言葉と記憶の小径。

D's Diary./The long and winding path of my own choice.

解体。

実家の処分をお願いしている建設会社から写真が届いていた。
同社のAさんがメールで送ってくれたのだ。
49坪の土地に、18坪の建物。
鉄道官舎から引っ越した後、55年間、世話になった土地と家であった。


18歳まで住み、その後は何度となく帰省してきた家でもある。

最後は認知症の母に代わって、解体を決断し、帰省中の短い時間のなかで一連の手続きを終わらせた。

 

建物は解体の28年前に一度、減築している。

私が実家に戻る予定が100%ないことを父が確認し、その直後、夫婦2人だけの終の棲家として、寝室のみを個室とし(それも襖で開閉自在とした)あとは全館オープンな間取りにしてしまった。

 

18坪とはいえ、坪に換算すると36畳。平屋でこれだけの大空間は、そこらの家より、ずっとおおらかに見えた。
しかし、完成後1年も経たずに父は逝去し、母の一人住まいが始まった。

 

いまの我が家から実家のある町を往復すると交通費だけでも、7、8万円。雑草や雪の処理を含めた建物の管理を近所の人たちに委ねるわけにもいかなかった。

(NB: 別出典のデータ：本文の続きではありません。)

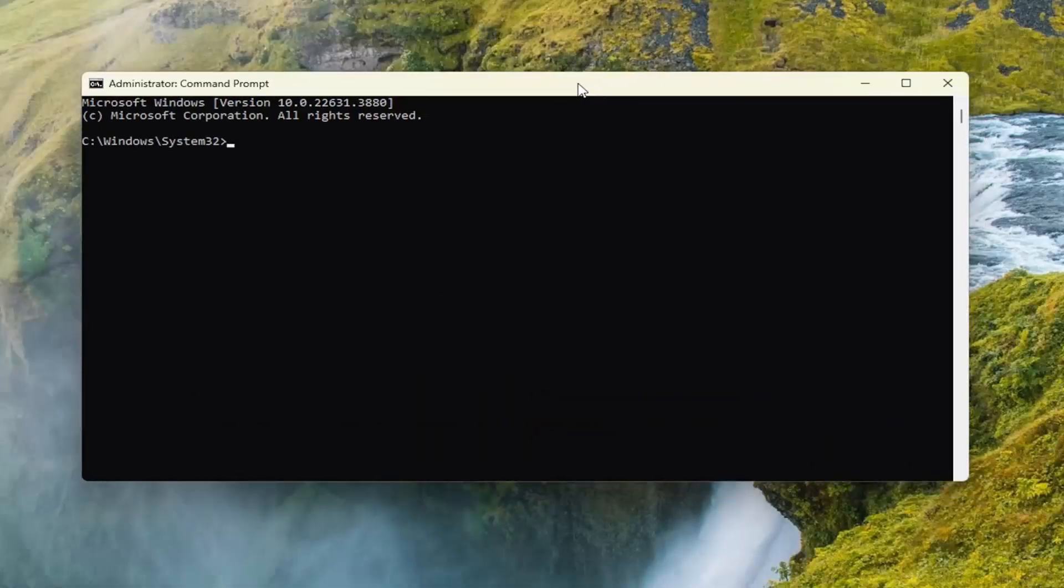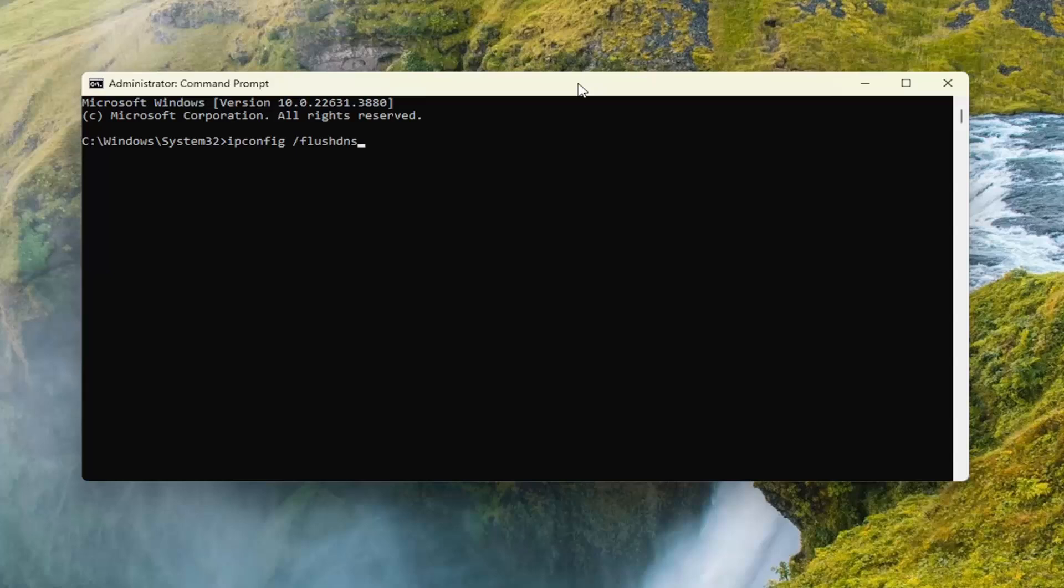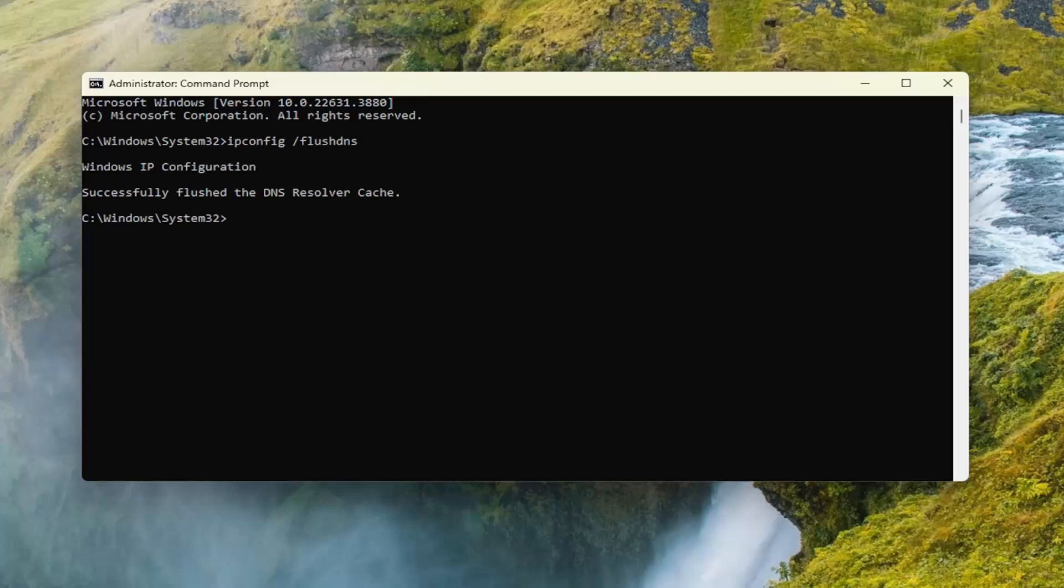And now you want to type in ipconfig followed by a space forward slash flush DNS. Flush DNS should all be one word, attach that forward slash out front. Hit Enter on your keyboard. It should come back with Windows IP configuration successfully flushed the DNS resolver cache.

解体を待たず、母を私の住む町、我が家へと転居させた。
認知症が進んでいた。
一日に何度も「家を空けてきたが、大丈夫だろうか」と不安そうな顔をした。


家の話になると、静かに遠慮がちに話したのは、ひょっとしたら自分はもう帰れないのではないかと探りを入れていたからかもしれない。

その杞憂は、はたして、現実になった。


北国ではお盆を過ぎると、わずか数日前までの暑さが嘘のように涼しい風が吹く。光はいっそう澄んで影が少し長くなり、その濃さを増すだろう。

 

この時期、肌を撫でる風の感触はいまも忘れてはいないが、記憶のなかの風の色は、透明ではなく、なぜか色が白く変わって見える。


拠って立つ場所を求めて、気持ちはさまよってばかりいた。しかし、あんな更地に思いをはせる日が来るとは思いもしなかった。

 

解体後も、何度か帰ってはいる。

先祖たちはいまだ、この町の寺院に預けたまま。タクシーに乗るたび、実家の跡地まで迂回をしてみようかと迷うけれど、いまだできずにいる。


母には、生涯、写真を見せることはしなかった。最期は、コロナで面会もかなわなかったが入院前は「家、留守にしているけど、大丈夫かな」と毎日、何度も、同じことを口にした。

 

その都度「毎週、確認しているから大丈夫」とうそをついた。

そうすると、ほんのわずな時間、母は、母の顔になった。